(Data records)
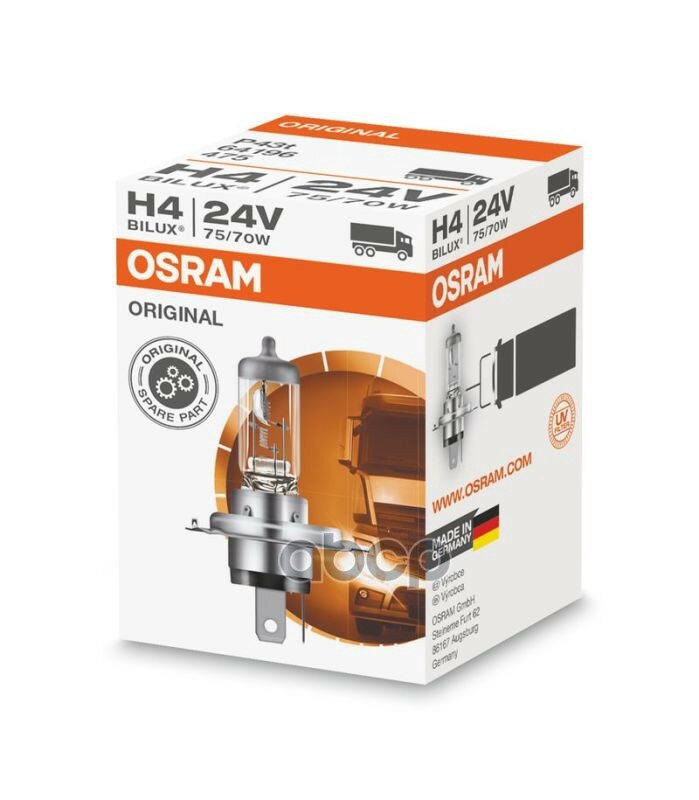 Лампа Osram Original Line (24V, 75/70W) H4 P43t 64196 Osram арт. 64196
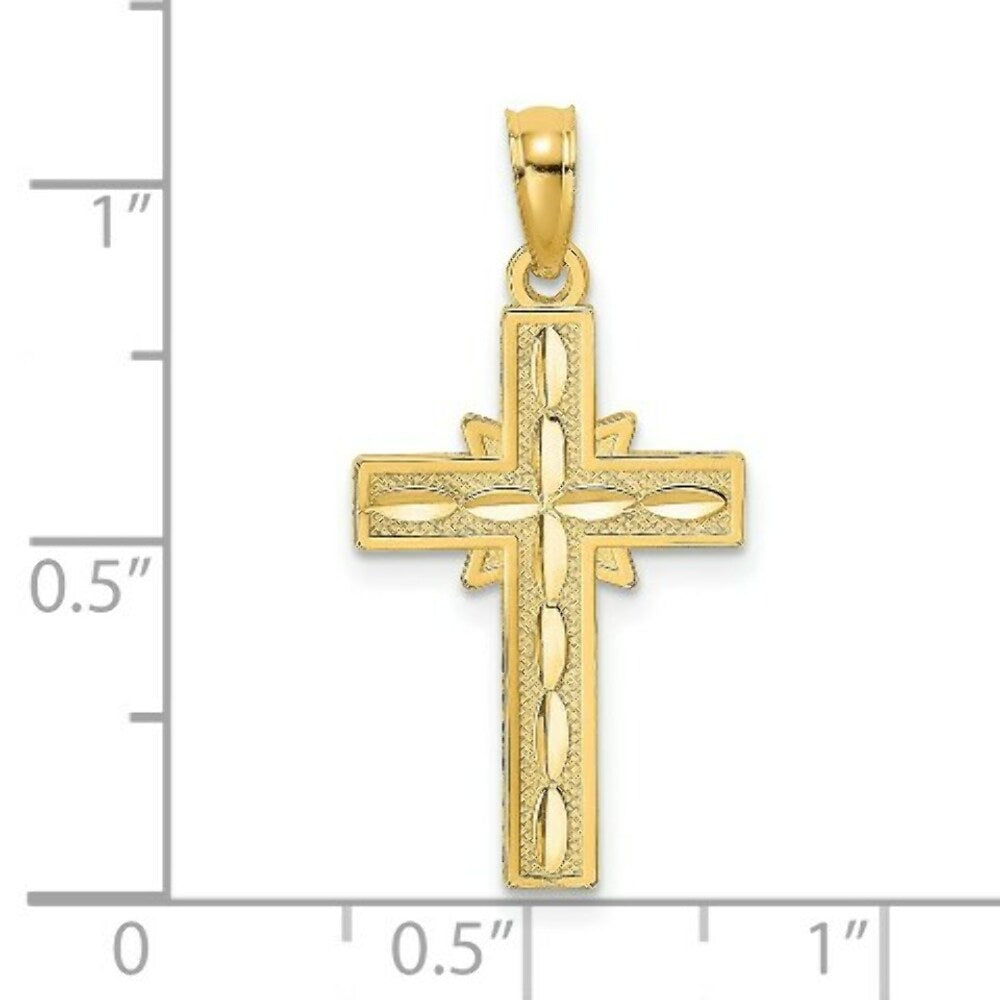 14K Yellow Gold Diamond-cut Etched Cross Charm Pendant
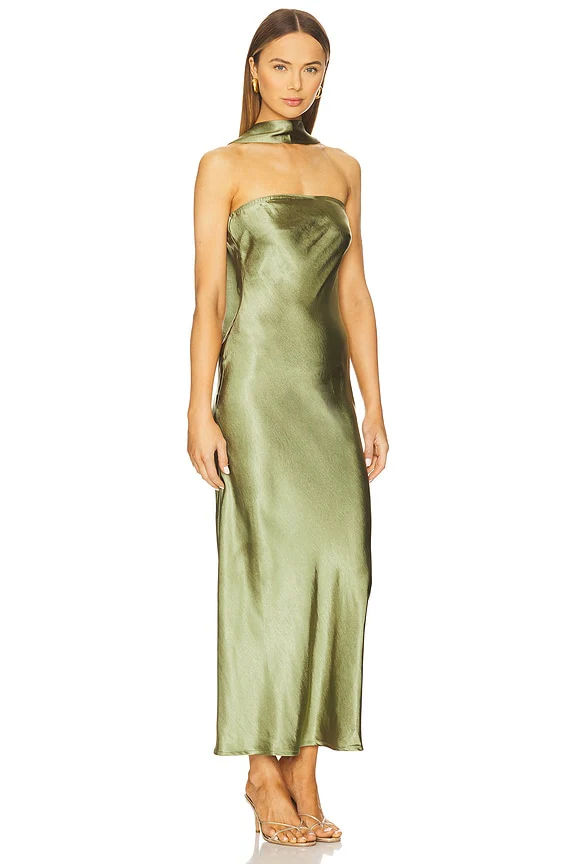 Angelina Neck Tie Maxi Dress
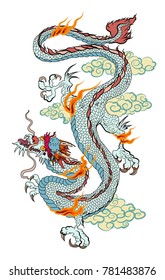 Japanese old dragon for tattoo. Traditional Asian tattoo the old dragon vector.Chinese dragon and sketch for tattoo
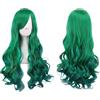 MUNSKT parrucca nera lunga, 68,6 cm di capelli lunghi e ricci, parrucca per donne e damigelle, costume da cosplay per carnevale e feste (verde)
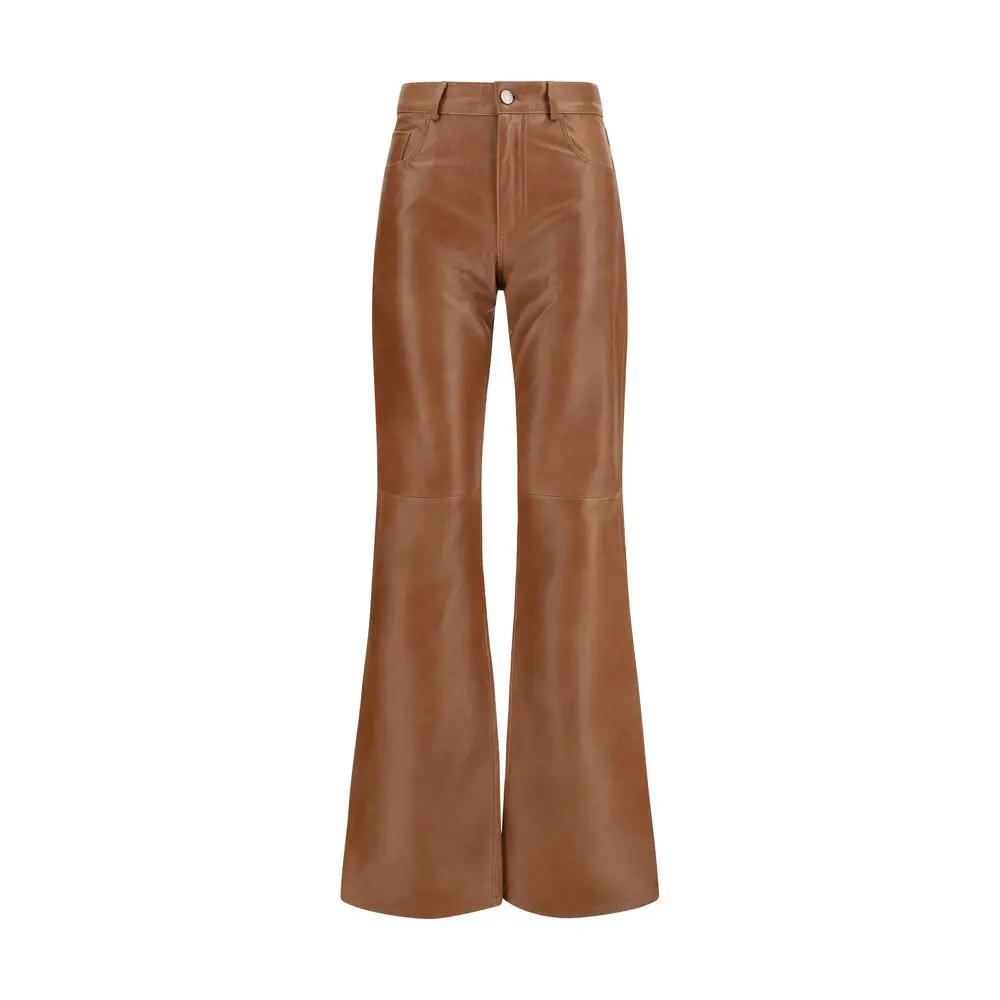 Haikure Brown Lambskin Flared Pants
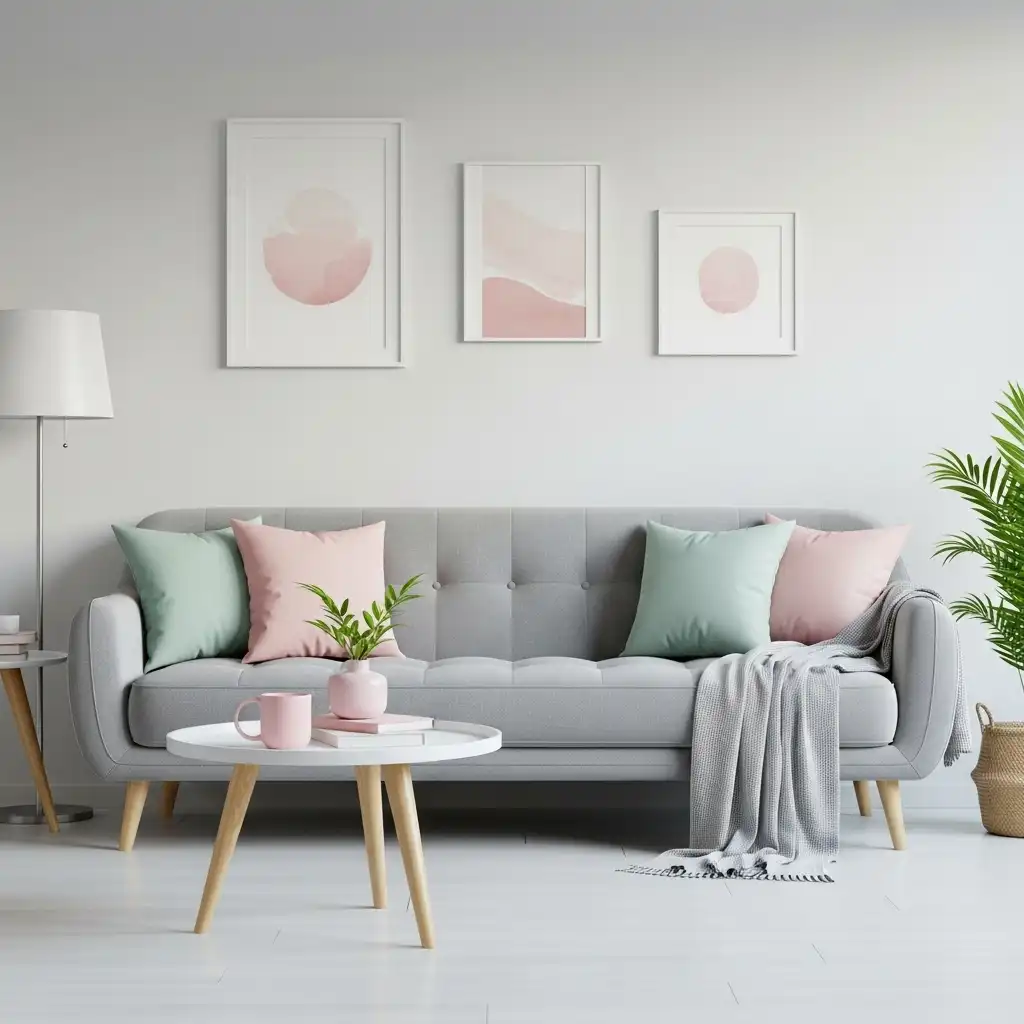 Grey Couch Living Room Ideas Soft Pastels
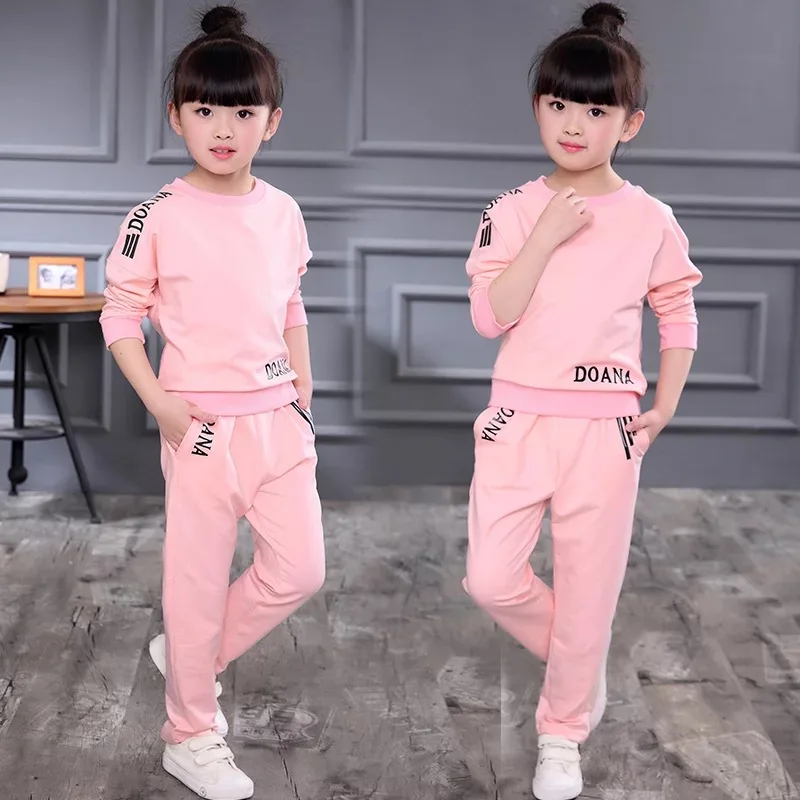Fahion Kids Girls Clothes Sets Autumn Spring Long Sports Sleeve Shirts + Pants Children's Clothing Suits Teen 5 6 8 9 10 12 Year | Мать и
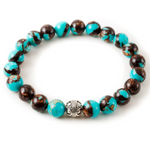 Turquoise Bronzite with Silver Pewter Accent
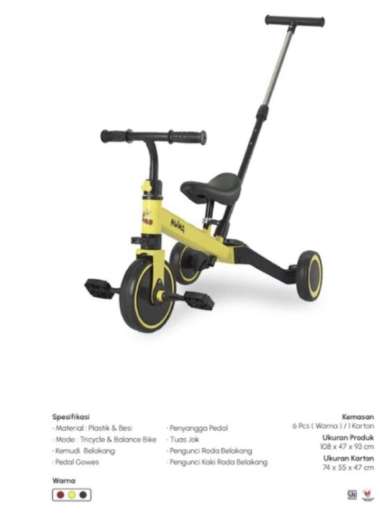 SEPEDA BALANCE BIKE PUSH BIKE PMB NUWA T20-9 DISERTAI DORONGAN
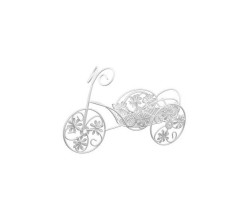 Металлический велосипед арт.SCB271046 с плетёной цветочной корзиной 23*9*16см
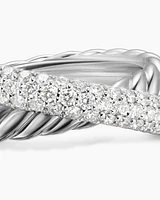 Crossover Two Row Ring Sterling Silver with Diamonds, 7.4mm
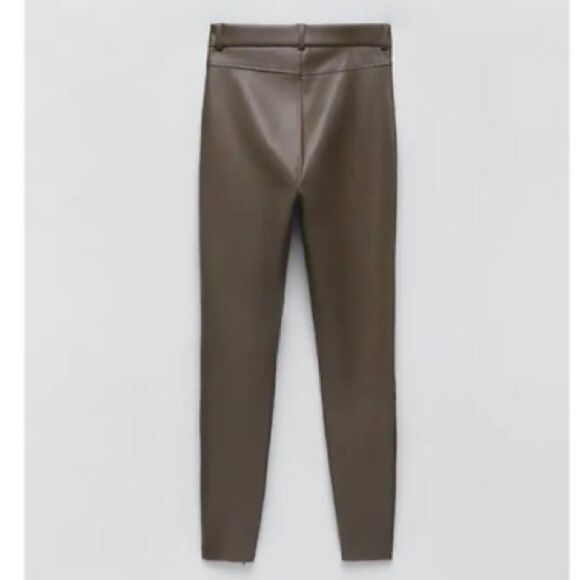 Zara Taupe faux leather high waist leggings - Picture 2 of 2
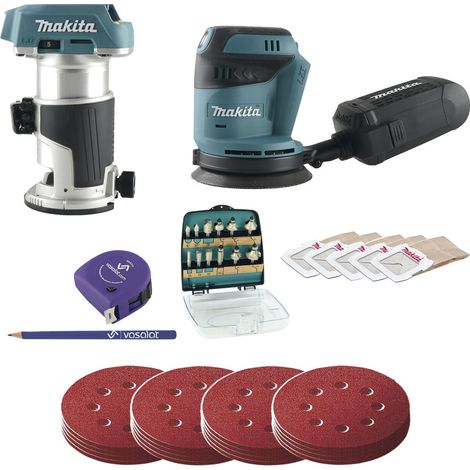 Makita Akku Exzenterschleifer 18V DBO180Z + Schleifscheiben Set 4-teilig K60/80/120/180 + Akku-Einhandfräse 18V DRT50Z, + Fräser 12-teilig (1/5)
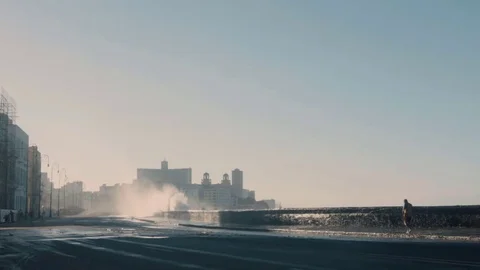 Big waves hit the shore. Stock Footage 72493357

* _ABOUT THIS TASK_
From the records above, output only the lines starting at the one containing "MUNSKT parrucca nera" and ending at the one containing "Zara Taupe faux leather", word for word. Pictures stay out.

* _TASK SOLUTION_
 MUNSKT parrucca nera lunga, 68,6 cm di capelli lunghi e ricci, parrucca per donne e damigelle, costume da cosplay per carnevale e feste (verde)
 Haikure Brown Lambskin Flared Pants
 Grey Couch Living Room Ideas Soft Pastels
Fahion Kids Girls Clothes Sets Autumn Spring Long Sports Sleeve Shirts + Pants Children's Clothing Suits Teen 5 6 8 9 10 12 Year | Мать и
 Turquoise Bronzite with Silver Pewter Accent
 SEPEDA BALANCE BIKE PUSH BIKE PMB NUWA T20-9 DISERTAI DORONGAN
 Металлический велосипед арт.SCB271046 с плетёной цветочной корзиной 23*9*16см
 Crossover Two Row Ring Sterling Silver with Diamonds, 7.4mm
 Zara Taupe faux leather high waist leggings - Picture 2 of 2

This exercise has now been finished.